Pradeep Singh Sihag

Personal information
- Nickname: The Indian Warrior
- Nationality: Indian
- Born: 21 November 1986 (age 39) Sisai, Haryana, India
- Height: 5 ft 10 in (178 cm)
- Weight: Middleweight

Boxing career
- Stance: Orthodox

Boxing record
- Total fights: 23
- Wins: 18
- Win by KO: 9
- Losses: 4
- Draws: 1
- No contests: 0

Medal record
Men's Boxing
All India BD Chandiyala Boxing Championship
| Silver medal – second place | 2003 | Middleweight |
YMCA International Boxing Championship
| Silver medal – second place | 2004 | Middleweight |

= Pradeep Singh Sihag =

Indian boxer (born 1986)

Pradeep Singh Sihag (born 21 November 1986) is an Indian Professional boxer.

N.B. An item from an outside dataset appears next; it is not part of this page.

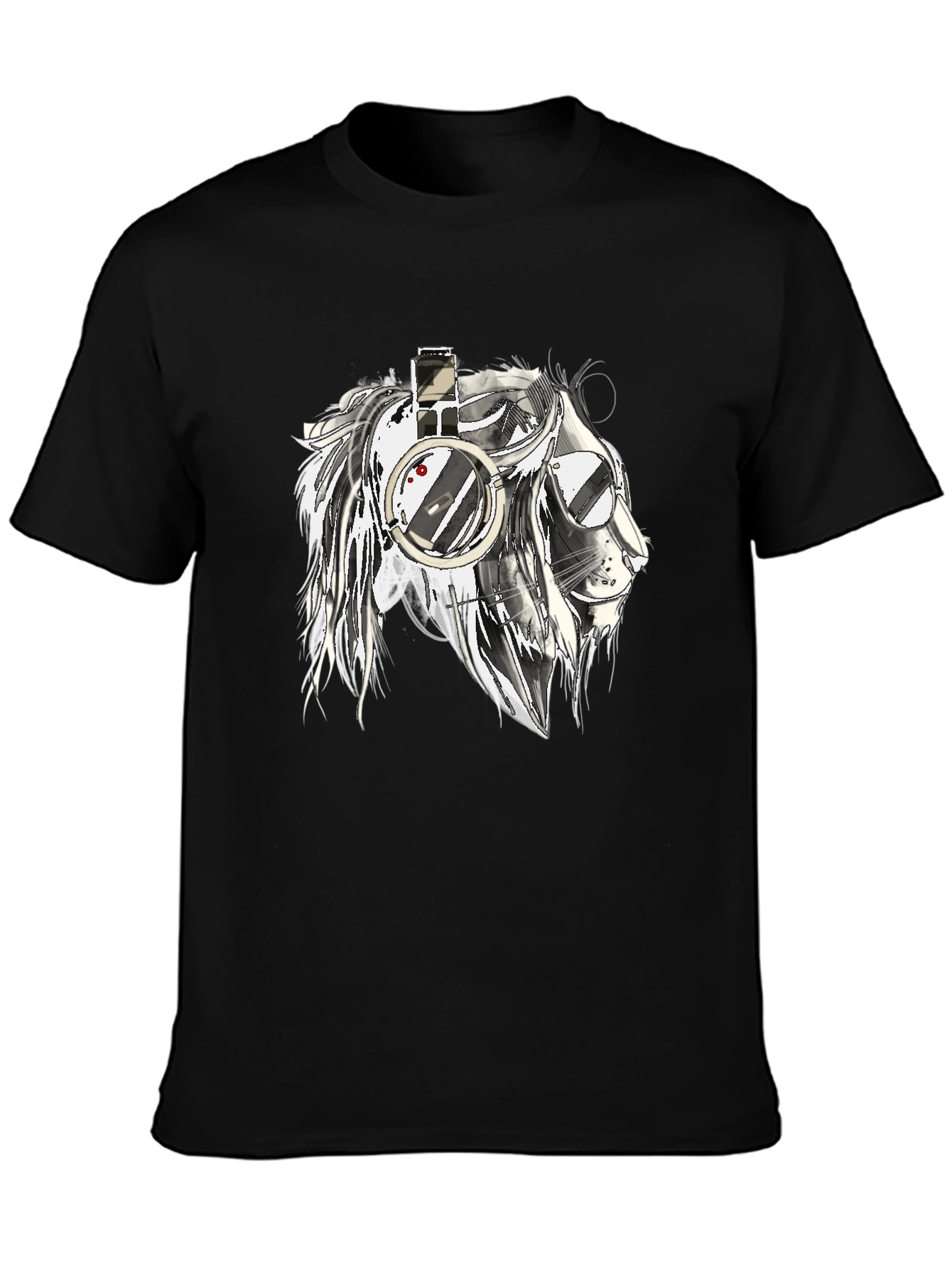 Lion with Headphones Graphic Black T-Shirt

As a professional he has won the IPBO, PABA, OPBF & WBC Asian Middleweight championship titles. He has a professional record of 18 wins, 4 losses and 1 draw. His amateur record stands at 120 wins with 3 losses.

==Early life==
Born in Sisai, Haryana, Pradeep is the son of a former National Middleweight wrestling Champion and the brother of a former National Middleweight Amateur boxing Champion.

==Amateur career==
As an amateur, Pradeep won the silver medal in the 2003 All India BD Chandiyala Boxing Championship and again took silver in the 2004 YMCA International Boxing Championship.

==Professional career==
After evicted from commonwealth squad Pradeep made his pro boxing debut on 18 March 2005 at Australia. He early get and won his first title bout against Arama Tabuai for the vacant PABA Middleweight title. On 23 September 2010 Pradeep fought Sam Soliman for the IBF Pan Pacific middleweight title but didn't succeed.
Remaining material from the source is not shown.